Dive Brief:
- Although predominantly white four-year public and nonprofit colleges have promised to increase faculty diversity, few have made any progress, according to The Hechinger Report. The share of faculty hires each year who identify as black dipped slightly during a 10-year period through 2016, with a small proportion of those hires non-faculty, the publication notes.
- Black students account for 12% of college students while less than 6% of faculty members identify as black. And Hispanic students account for 16% of college students while less than 5% of faculty members identify as Hispanic.
- Public colleges can have a harder time recruiting black tenure-track faculty than private institutions, which often can pay more, though many colleges overlook diverse candidates during the hiring process. Experts cited several reasons why working at a predominately white institution can be a deterrent for diverse faculty, including the risk of tokenism and microagressions.
Dive Insight:
The need for diversity in hiring goes beyond race to include factors such as gender, ethnicity, age, sexual orientation, ability, religion, nationality and socioeconomic background.
Hiring a more diverse faculty helps higher education institutions better respond to challenges that require multiple perspectives, according to a report by the Council of Colleges of Arts and Sciences.
One Ivy League professor wrote in a 2016 op-ed in the The Washington Post that many institutions have not put in the effort or the energy to recruit and hire diverse faculty simply because they don't care to. She said a strong focus on educational pedigree and personal connections is one reason causing many diverse professors, who don't have as much access to those opportunities, to be counted out.

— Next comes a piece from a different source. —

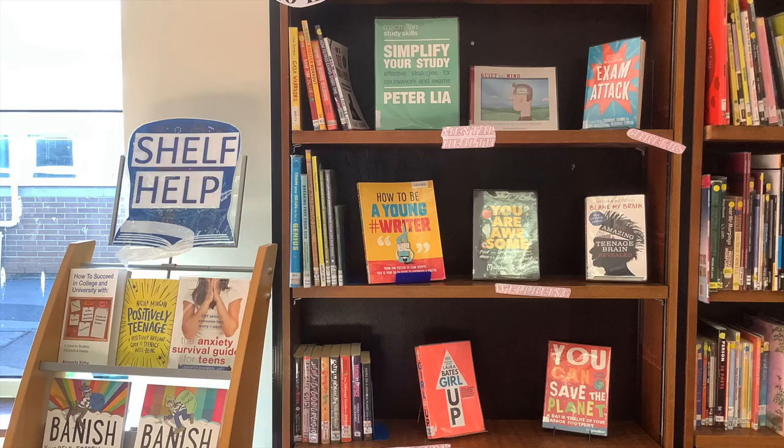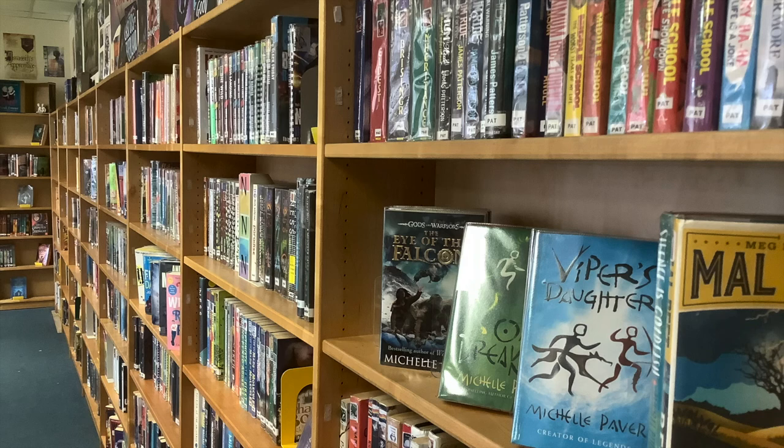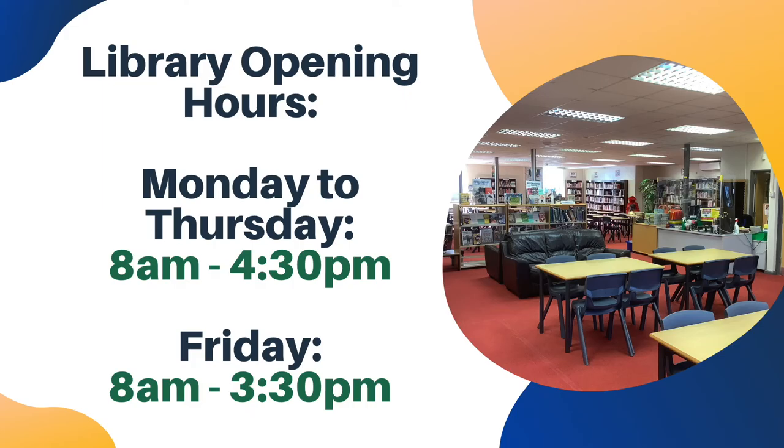Although sixth form students are the only Backwell students allowed to bring their phones into the library, we do ask that you use them discreetly and always on silent mode so as not to disturb others. The library is open Monday to Thursday from 8am to 4.30pm, and on Friday we're open until 3.30pm.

Colleges need to evaluate and recreate their faculty recruitment and hiring processes by looking for implicit, or unconscious, biases in their systems. Another strategy is to hire diverse graduate students who are in the process of completing their doctoral degrees to teach. Once the degrees are completed, the hiring committee can review their progress on campus and decide whether they should be hired for a tenure-track position.
There are several ways to continue to support diverse faculty members once they arrive on campus, though most of these initiatives require access to funding. They can include increased funding for diverse faculty appointments, research projects, curriculum development for new courses, as well as featuring diverse donors who participate in fundraising programs, even if they do not contribute as much as other groups.